**Given information:**

# # # # #

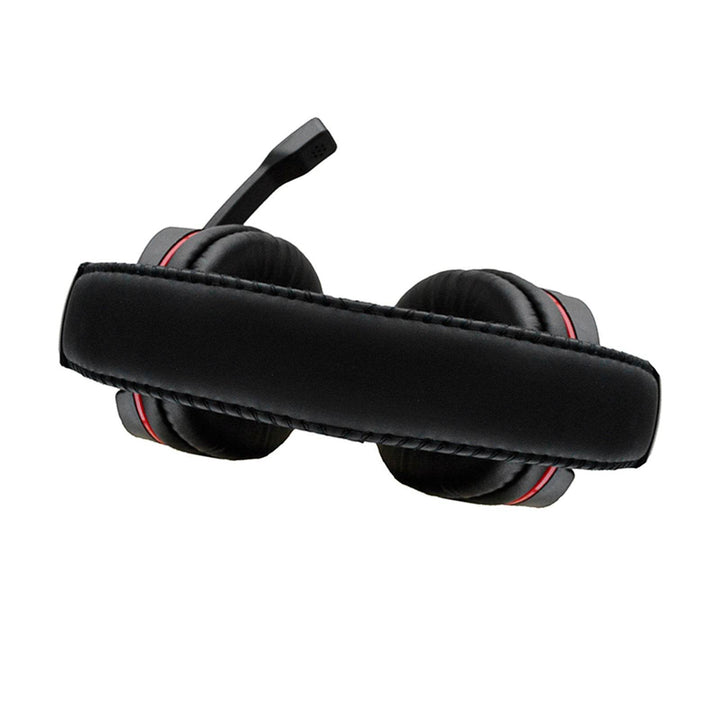 3.5mm Wired Gaming Headphones Over Ear Game Headset Noise Canceling Earphone with Microphone Volume Control for PC Laptop Smart Phone - ZEYTONCART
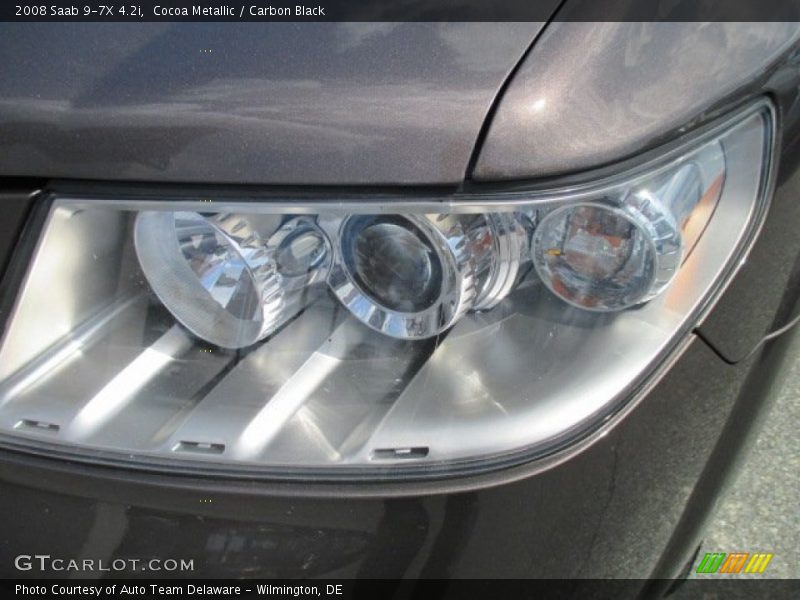 Cocoa Metallic / Carbon Black 2008 Saab 9-7X 4.2i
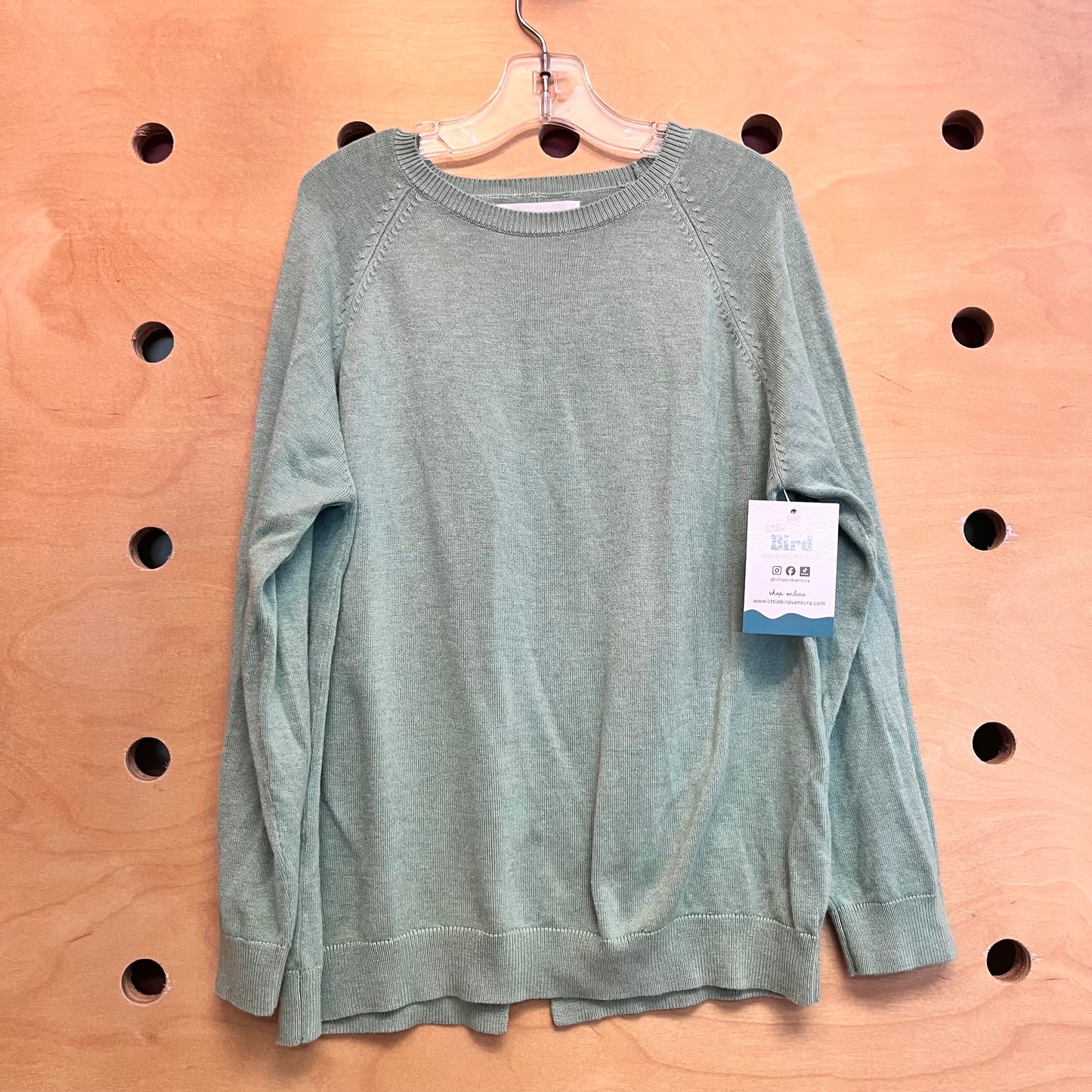 Spring Green Sweater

# # # # #

**What is expected:**
Recopy the whole listing above precisely, excluding images.

**Answer for the task:**
 3.5mm Wired Gaming Headphones Over Ear Game Headset Noise Canceling Earphone with Microphone Volume Control for PC Laptop Smart Phone - ZEYTONCART
 Cocoa Metallic / Carbon Black 2008 Saab 9-7X 4.2i
 Spring Green Sweater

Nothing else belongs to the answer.